Der französische existentialistische Philosoph Albert Camus zeigte in seinem Aufsatz "Der Mythos des Sisyphus" die Absurdität bedeutungsloser Werke. Die griechischen Götter verurteilten Sisyphus, einen schweren Stein den Berg hinauf zu rollen, der kaum die Spitze erreichte und immer wieder herunterrollte. Abfallarbeit ist nicht nur absurd, sondern auch schädlich. Bis zum 19. Jahrhundert. In England wurde es als Strafe für Gefangene eingesetzt: Die Ausführung schwieriger, sich wiederholender und oft bedeutungsloser Aufgaben musste ihren Willen brechen. Insbesondere musste der Gefangene einen schweren gusseisernen Kern auf Brusthöhe heben, bis zu einer bestimmten Entfernung bewegen, ihn langsam auf den Boden legen und dann wiederholen, was immer wieder getan wurde.

Eine ungesunde Einstellung zum Tun wird durch den wirtschaftlichen Mythos geprägt, dass mehr besser ist. Laut Betty Sue Flowers ist dies das häufigste Missverständnis unserer Zeit. In dem 2013 vom Strategy + Business Magazine veröffentlichten Artikel „Duels of Business Myths“schlägt Flowers vor, dass der wirtschaftliche Mythos eng mit dem mächtigsten menschlichen Instinkt verwandt ist - dem elterlichen. Das ist seine Minderwertigkeit. "Wenn Kinder erwachsen werden, dürfen sie unabhängig leben, während die Produktentwicklung eine endlose Aufgabe ist."

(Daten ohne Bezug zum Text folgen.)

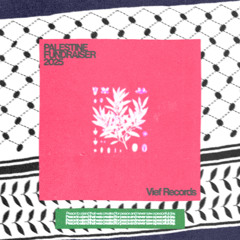 PREMIERE: Young Muscle & Shai FM - Year Of The Snake [Vief Records]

Es warnt vor den Gefahren einseitiger Erfolgsbewertungen wie Umsatz, Gewinn oder Marktanteil.

Forderungen nach höherer Produktivität können auch von den Arbeitnehmern selbst gestellt werden. Da materielle und immaterielle Anreize auf der Leistung der Arbeit beruhen, besteht ein tiefes psychologisches Bedürfnis, ihr Volumen zu erhöhen. Aber wann ist „genug“wirklich genug? Die Befürchtungen eines wachstumsfördernden Systems werden durch die derzeitigen Fortschritte niemals vollständig neutralisiert. Von früher Kindheit an wurde uns beigebracht, dass der angesammelte materielle Reichtum ein Gefühl von Sicherheit, Zuverlässigkeit und Wohlbefinden vermitteln kann. Die Idee, mehr zu haben, erscheint aus historischer Sicht sehr vernünftig. Die Fähigkeit, im Falle einer Hungersnot oder Dürre Ressourcen in Form von Nahrungsmitteln und Wasser anzusammeln, war überlebenswichtig, aber heute ist sie für uns nicht mehr nützlich.

Die Überzeugung der Menschen, dass man härter und länger arbeiten muss, um zu überleben, scheint sozial bedingt zu sein, insbesondere in Ländern mit steigender Einkommensungleichheit, steigenden Nahrungsmittelkosten und geringer Beschäftigung. Der Punkt ist jedoch, dass die Tendenz zum Recycling auch dann anhält, wenn alle Grundbedürfnisse erfüllt wurden. Insbesondere wird es von einem Durst nach Konsum angeheizt.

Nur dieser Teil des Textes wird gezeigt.